### What to work on
Copy word for word the lines in the records below, starting at the line with "Regarding treatment —" and ending at the line with "I will be starting". Skip the pictures.

### Dataset extract
◇ ◇ ◇ ◇ ◇ ◇ ◇
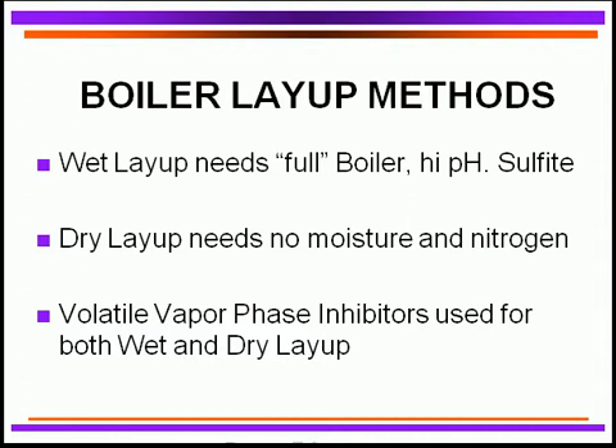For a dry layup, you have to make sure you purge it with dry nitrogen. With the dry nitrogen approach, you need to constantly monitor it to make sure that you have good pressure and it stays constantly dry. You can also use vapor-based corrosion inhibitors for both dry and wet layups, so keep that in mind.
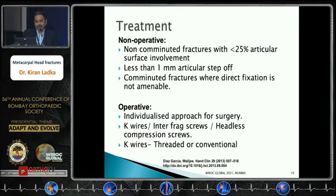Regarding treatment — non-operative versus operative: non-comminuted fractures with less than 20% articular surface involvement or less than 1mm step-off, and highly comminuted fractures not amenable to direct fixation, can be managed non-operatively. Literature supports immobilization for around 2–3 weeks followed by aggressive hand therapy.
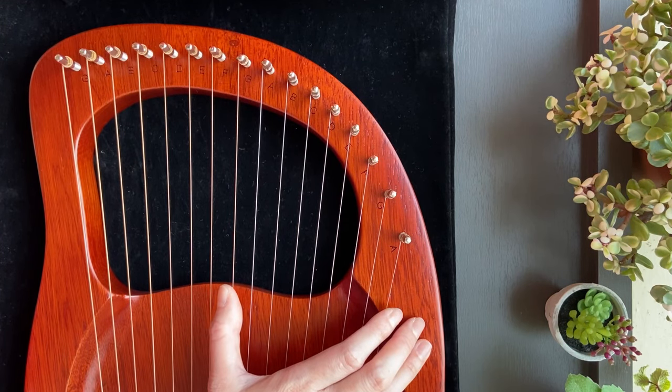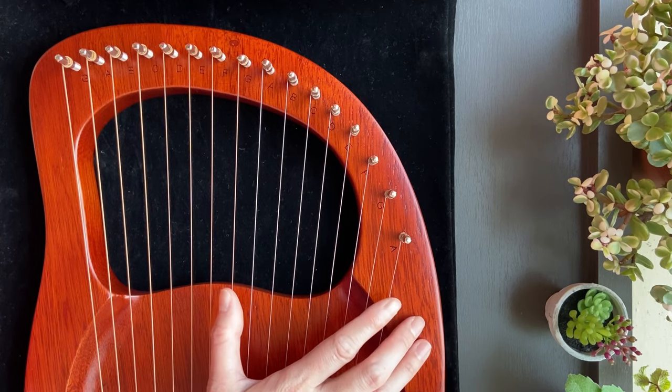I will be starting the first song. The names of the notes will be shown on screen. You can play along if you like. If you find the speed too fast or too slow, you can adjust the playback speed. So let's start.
◇ ◇ ◇ ◇ ◇ ◇ ◇
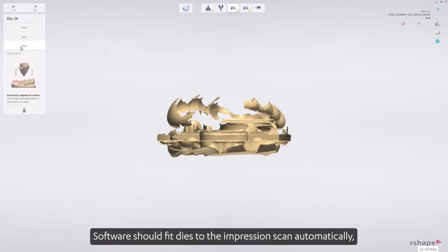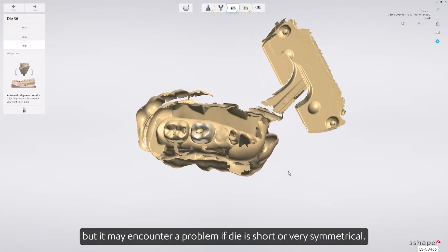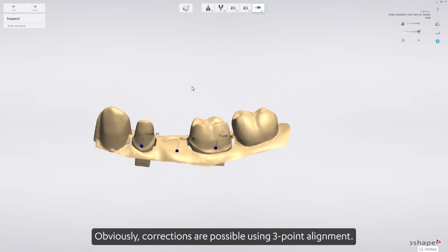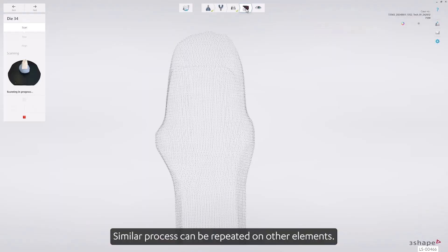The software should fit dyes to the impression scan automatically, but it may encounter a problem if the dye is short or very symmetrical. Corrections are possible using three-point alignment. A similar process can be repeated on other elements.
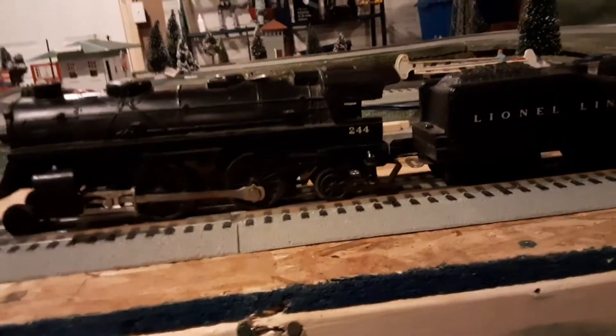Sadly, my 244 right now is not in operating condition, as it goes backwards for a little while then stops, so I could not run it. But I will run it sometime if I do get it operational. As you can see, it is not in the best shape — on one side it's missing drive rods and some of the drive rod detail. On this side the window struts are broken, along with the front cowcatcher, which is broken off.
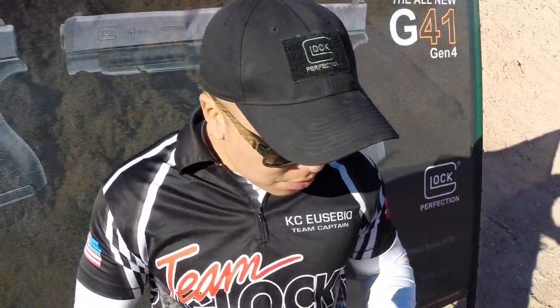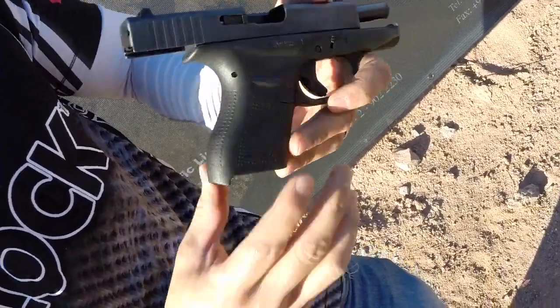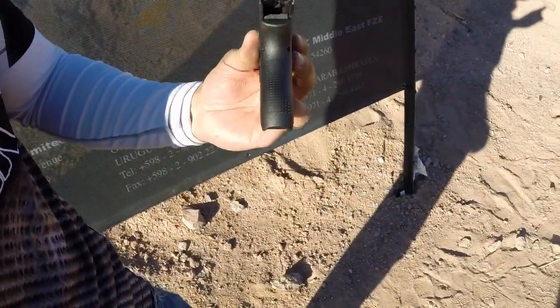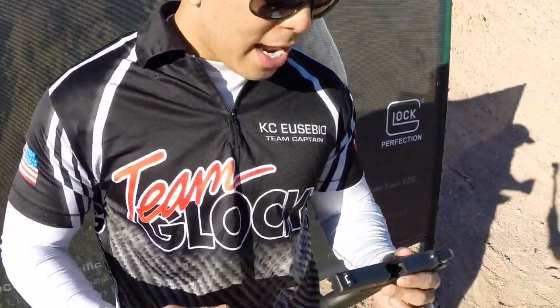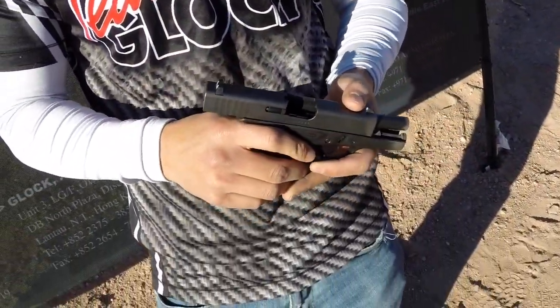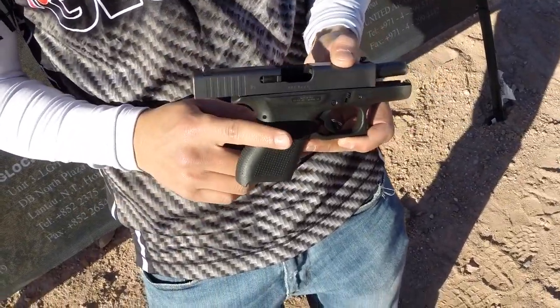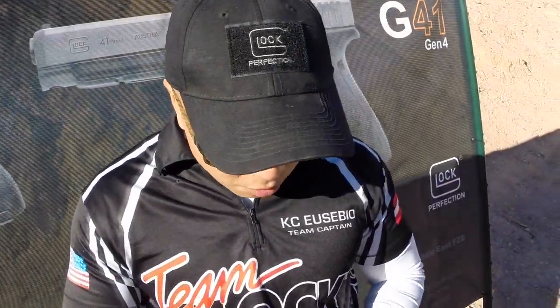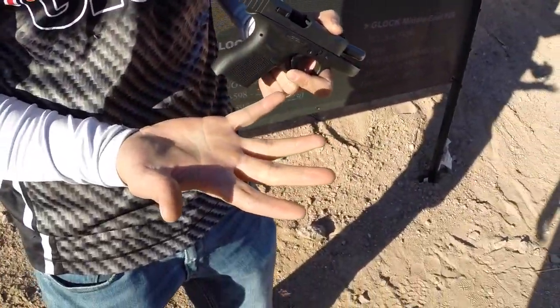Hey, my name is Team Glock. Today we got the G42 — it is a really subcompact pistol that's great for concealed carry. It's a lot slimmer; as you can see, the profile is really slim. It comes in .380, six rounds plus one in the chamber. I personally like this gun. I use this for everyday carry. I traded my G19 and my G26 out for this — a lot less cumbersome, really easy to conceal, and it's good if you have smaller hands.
◇ ◇ ◇ ◇ ◇ ◇ ◇
### Exercise response
Regarding treatment — non-operative versus operative: non-comminuted fractures with less than 20% articular surface involvement or less than 1mm step-off, and highly comminuted fractures not amenable to direct fixation, can be managed non-operatively. Literature supports immobilization for around 2–3 weeks followed by aggressive hand therapy.
I will be starting the first song. The names of the notes will be shown on screen. You can play along if you like. If you find the speed too fast or too slow, you can adjust the playback speed. So let's start.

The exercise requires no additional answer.